In the raging debate over the data breach at the National Security Agency, here’s a nugget that deserves more attention than it has received: The NSA'a director, Gen. Keith Alexander, recently instituted a two-man rule to limit the previously unfettered access of the 1,000-plus systems administrators who work for the agency. It ensures that no single person can gain access to confidential, sensitive and often top secret data.
This is a great first step toward reining in the access, and resulting power, of IT administrators. Still, it’s no more than a step. The whole situation should instead serve as a wake-up call for government organizations and corporations that have had their heads in the sand.
Here’s the insider threat issue in a nutshell: Administrative accounts provide godlike privileges over the entire infrastructure, including systems, applications and data -- anything that’s managed by systems administrators. Through the cloud, infrastructure administrators can access and make copies of every virtual machine at an organization, and can delete and destroy a private cloud in a matter of minutes.
But because most organizations look at security from the outside in, they put up strong perimeter controls to keep bad guys out but do very little or nothing to lock down internal systems.
That has to change. Not only are insiders and systems administrators a very real threat, but external attackers can use sophisticated advanced persistent threats to steal employee credentials and privileges and gain access to carry out and escalate attacks.
Again, the two-man rule is a good idea. It is conceptually the same security mechanism that prevents a single person from launching a nuclear missile. (Remember Denzel Washington and Gene Hackman in “Crimson Tide”?) The two-man rule enforces oversight so that a rogue administrator cannot access confidential information or otherwise create havoc. Every government organization and corporation should have something like this in place as a matter of protocol.
However, the two-man rule should also be part of a larger set of policies and access controls to ensure least-privileged access (through which employees are able to perform only those operations that are part of their normal job duties) and need-to-know access (under which they are able to manage and access only the resources they’re responsible for).

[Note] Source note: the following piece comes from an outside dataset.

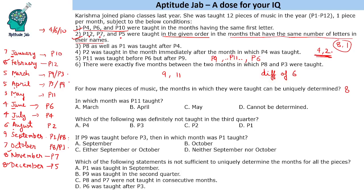In which month was P11 taught? P11 was taught in the month of May. Which of the following was definitely not taught in the third quarter? The third quarter means July to September. P4, P2, and P1 are present in that range, but P3 is not taught in the third quarter — it is taught in the first or second quarter.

To do this right, security policies need to be lightweight and not cumbersome; otherwise, they won’t be followed. For example, policies should be enforced transparently, and workflow for secondary approval as part of the two-man rule should be automated.
For the record, this isn’t nearly enough. Most important, organizations need continuous role-based monitoring and alerting to remain aware of what administrators are doing. Having an unobstructed view of the enterprise, which this methodology enables, is the best way to let administrators do their jobs while retaining the ability to head off rogue actions.